— PROBLEM DESCRIPTION —
Each line from the one containing "Hyundai i30 Kombi" through the end of the entries below should be transcribed exactly, and no other line.

LISTED RECORDS Block Start

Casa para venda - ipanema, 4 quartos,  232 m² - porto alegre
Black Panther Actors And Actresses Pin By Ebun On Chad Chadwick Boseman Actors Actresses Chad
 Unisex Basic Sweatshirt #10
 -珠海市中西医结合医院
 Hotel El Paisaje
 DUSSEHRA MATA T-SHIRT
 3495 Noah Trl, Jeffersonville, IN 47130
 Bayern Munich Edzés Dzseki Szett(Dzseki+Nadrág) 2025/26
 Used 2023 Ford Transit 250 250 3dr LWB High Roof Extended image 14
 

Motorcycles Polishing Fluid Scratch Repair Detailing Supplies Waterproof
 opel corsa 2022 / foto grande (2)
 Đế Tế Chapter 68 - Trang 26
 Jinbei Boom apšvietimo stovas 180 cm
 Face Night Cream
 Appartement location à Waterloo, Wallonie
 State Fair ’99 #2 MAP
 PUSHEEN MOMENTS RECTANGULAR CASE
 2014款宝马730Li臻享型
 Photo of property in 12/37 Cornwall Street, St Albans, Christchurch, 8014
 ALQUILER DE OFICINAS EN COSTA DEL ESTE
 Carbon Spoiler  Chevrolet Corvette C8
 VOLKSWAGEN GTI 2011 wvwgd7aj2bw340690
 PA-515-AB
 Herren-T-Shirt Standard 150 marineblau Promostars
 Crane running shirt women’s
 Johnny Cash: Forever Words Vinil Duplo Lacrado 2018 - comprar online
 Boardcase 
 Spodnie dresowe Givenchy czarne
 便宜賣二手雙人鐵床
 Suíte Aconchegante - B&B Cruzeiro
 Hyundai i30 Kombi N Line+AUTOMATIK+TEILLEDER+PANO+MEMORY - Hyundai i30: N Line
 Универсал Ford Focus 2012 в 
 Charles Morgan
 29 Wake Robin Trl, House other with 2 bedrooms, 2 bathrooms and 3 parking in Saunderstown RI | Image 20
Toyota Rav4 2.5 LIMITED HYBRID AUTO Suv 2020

LISTED RECORDS Block End

— ANSWER —
 Hyundai i30 Kombi N Line+AUTOMATIK+TEILLEDER+PANO+MEMORY - Hyundai i30: N Line
 Универсал Ford Focus 2012 в 
 Charles Morgan
 29 Wake Robin Trl, House other with 2 bedrooms, 2 bathrooms and 3 parking in Saunderstown RI | Image 20
Toyota Rav4 2.5 LIMITED HYBRID AUTO Suv 2020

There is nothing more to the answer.